For gluten‑free diners, ensure any store‑bought sauces are certified gluten‑free. Use dairy‑free crema (coconut‑based) and omit cotija, replacing it with nutritional yeast for a cheesy note. Keto lovers can skip the honey and add a dash of erythritol or stevia instead.

Serving Suggestions

Serve the kabobs alongside a light avocado‑lime quinoa, a crisp jicama slaw, or warm corn tortillas for a handheld brunch taco. A side of black‑bean salad adds protein and color, while a chilled hibiscus agua fresca offers a refreshing counterpoint.

Storage Info

Leftover Storage

Allow the kabobs to cool to room temperature, then transfer them to an airtight container. Refrigerate for up to 3 days. For longer keeping, separate the chicken and corn, place each in freezer‑safe bags, and freeze for up to 2 months. Label with date for best quality.

Reheating Instructions

Reheat in a 350°F (175°C) oven, covered with foil, for 12‑15 minutes until warmed through. This method revives the char without drying the chicken. For a quicker fix, microwave individual pieces on medium power for 1‑2 minutes, adding a splash of crema to restore moisture.

Frequently Asked Questions

Absolutely. Marinate the chicken up to 24 hours in advance and keep the corn and peppers pre‑cut in the fridge. Assemble the skewers the night before, cover tightly, and refrigerate. When you’re ready, simply grill—saving you valuable brunch prep time.

A heavy‑bottomed grill pan or a pre‑heated cast‑iron skillet works perfectly. Heat the pan over medium‑high, add a thin layer of oil, and follow the same timing—turning the skewers to achieve char marks. The flavor profile remains authentic.

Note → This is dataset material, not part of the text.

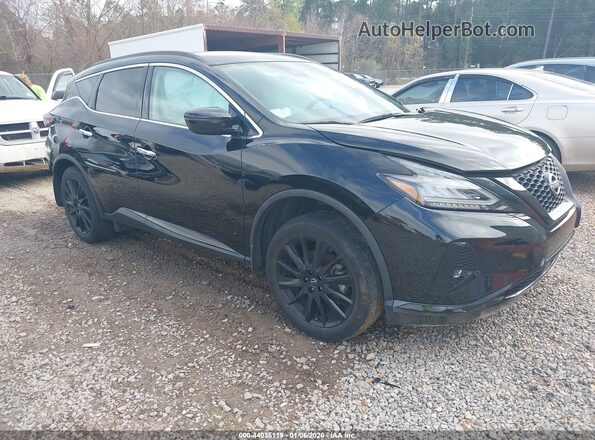 5N1AZ2BJ1PC133351 2023 NISSAN MURANO Black Przód prawy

Yes—try grilled baby zucchini, sliced sweet potatoes, or even thick‑cut pineapple for a tropical twist. Each alternative brings its own texture and flavor while still holding up well on the skewer and absorbing the crema sauce.

This Grilled Mexican Street Corn and Chicken Kabob recipe delivers bold, festive flavors with minimal fuss, making it ideal for brunch or any casual gathering. By following the step‑by‑step guide, you’ll achieve perfectly charred corn, juicy chicken, and a luscious lime‑crema coating every time. Feel free to experiment with swaps or spice levels—cooking is a playground, after all. Gather your skewers, fire up the grill, and enjoy a true fiesta on a stick!